Input for this task:
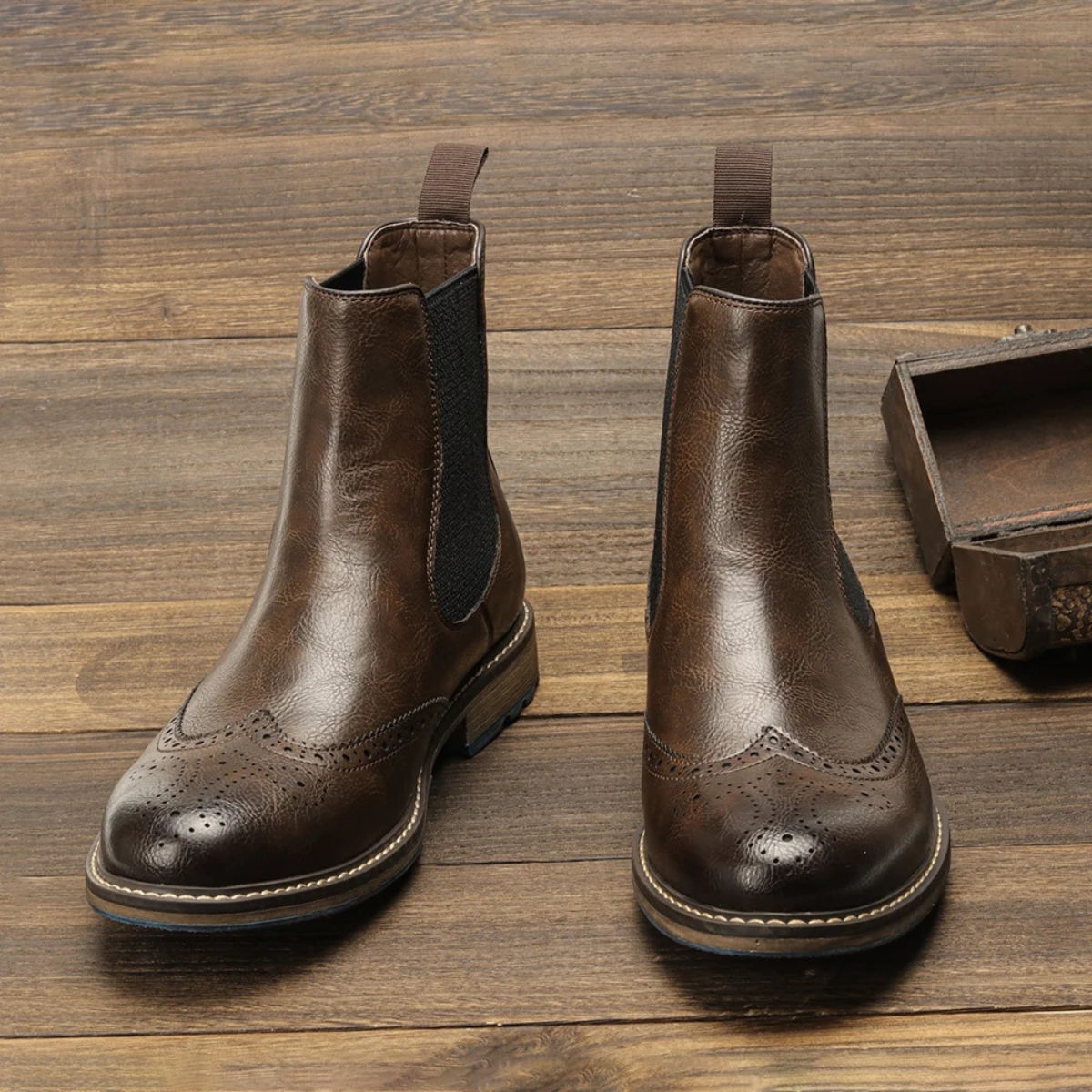 Jasper | Men's Brogue Chelsea Boots Brown Leather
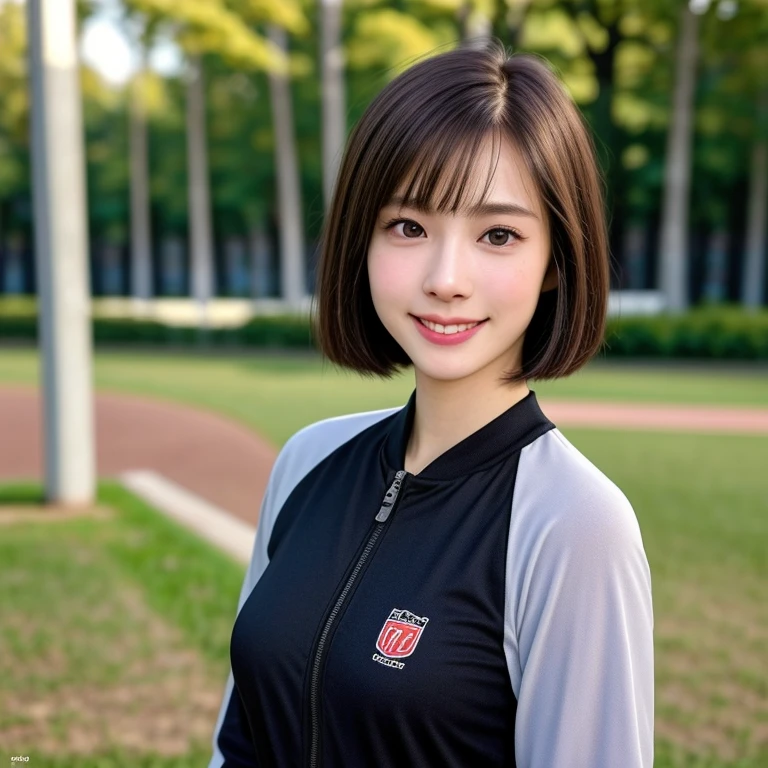 (kawaii 24 year-old Japanese girl, Nogizaka idol, Korean idol), healthy female athlete body, (glossy brown hair, short hair, pixie cut, bangs:1.3), (rounded face, beautiful black eyes, single eyelid, no makeup:1.2), (looking at viewer, soft smiling), (wearing track jacket, sports leggins:1.3), perfect shaped extra small breasts, BREAK, (track and field stadium background:1.2), (dynamic angle, bust shot:1.3),  BREAK, (masterpiece, best quality, photo realistic, official art:1.4), (UHD, 8K quality wallpaper, high resolution, raw photo, golden ratio:1.3), (shiny skin), professional lighting, physically based rendering, award winning, (highly detailed skin, extremely detailed face and eyes, anatomically correct), Carl Zeiss 85 mm F/1.4, depth of field, 1girl, solo,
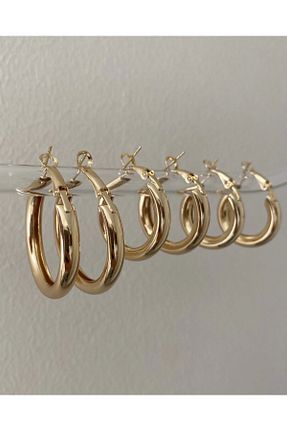 گوشواره استیل (فولاد) طلائی زنانه استیل (فولاد) stainles steel - کد 770085591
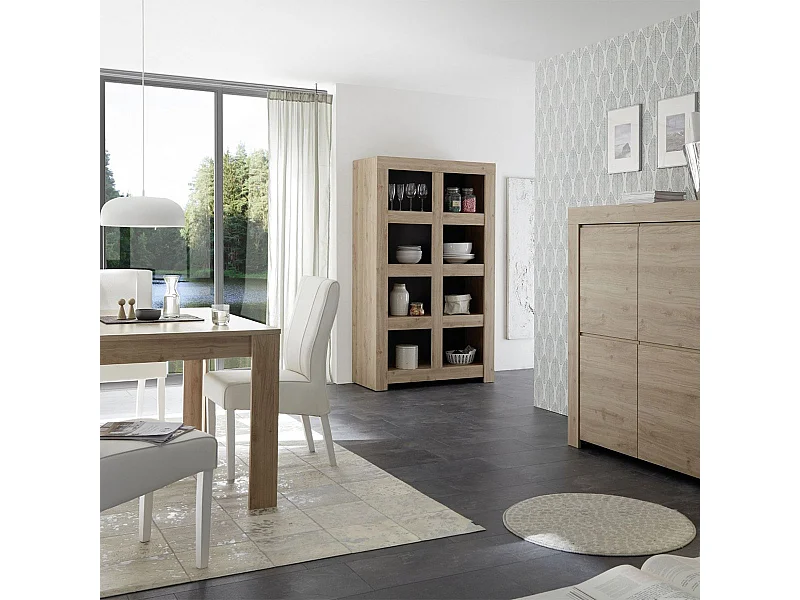 FIRMIN - Séjour avec Rangement 4 Portes + Etagère Aspect Bois Finition Cadiz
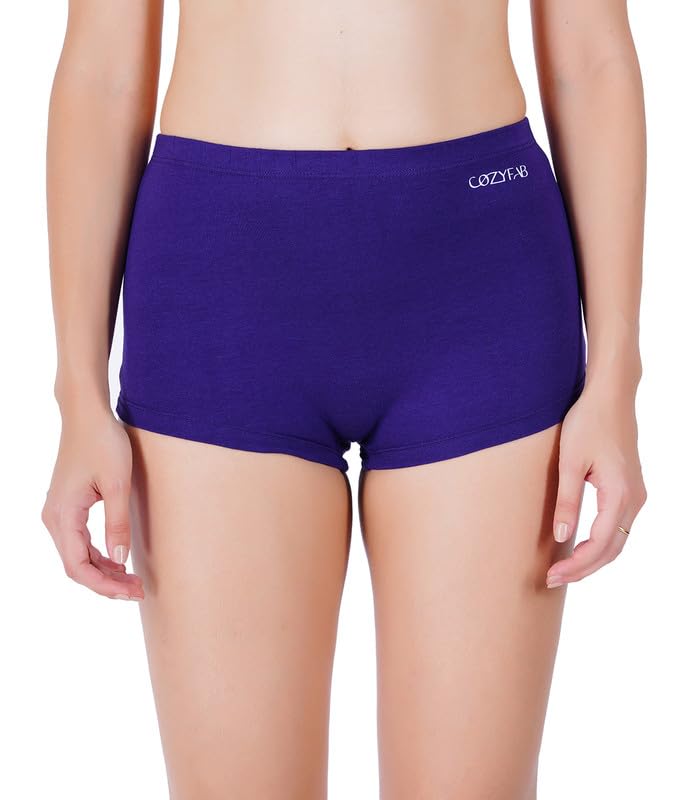 cozyfab Women's Bamboo Cotton Seamless Boyshorts Panties | Full Coverage Underwear for Ladies | Perfect for Periods | Soft & Breathable Fabric for All Day Comfort | Boyshorts Panty-picture-23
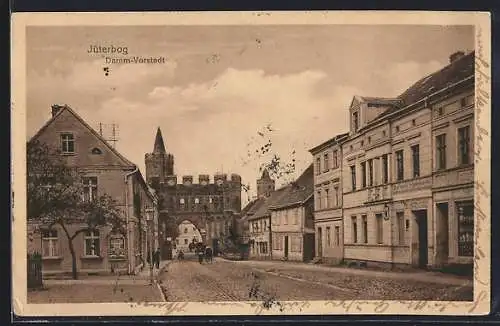 AK Jüterbog, Damm-Vorstadt mit Tor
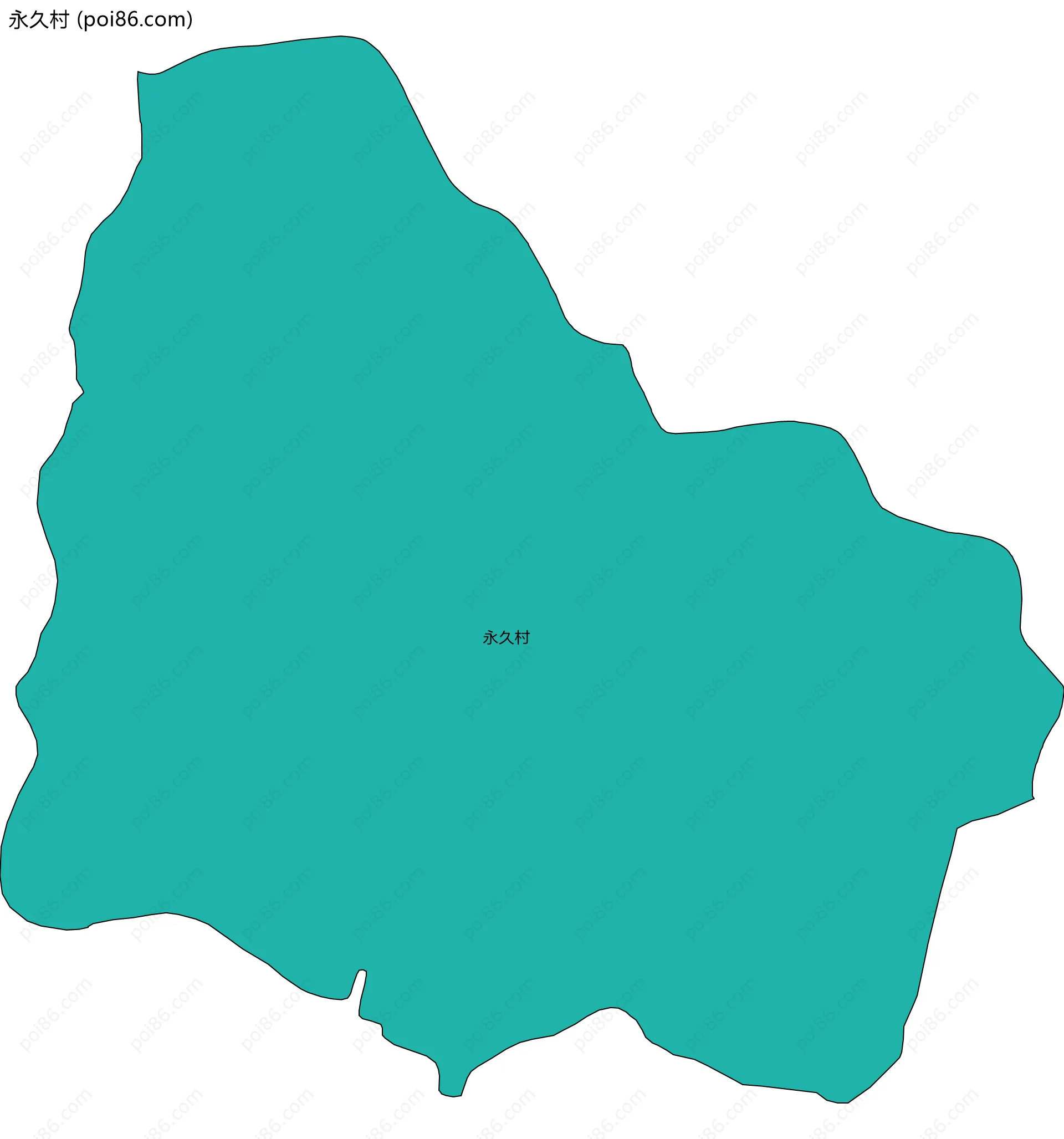 永久村边界地图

Your assignment:
Verbatim, write out the line containing "FIRMIN - Séjour" and all later lines through the end of the records, leaving every picture out.

Exercise response:
 FIRMIN - Séjour avec Rangement 4 Portes + Etagère Aspect Bois Finition Cadiz
 cozyfab Women's Bamboo Cotton Seamless Boyshorts Panties | Full Coverage Underwear for Ladies | Perfect for Periods | Soft & Breathable Fabric for All Day Comfort | Boyshorts Panty-picture-23
 AK Jüterbog, Damm-Vorstadt mit Tor
 永久村边界地图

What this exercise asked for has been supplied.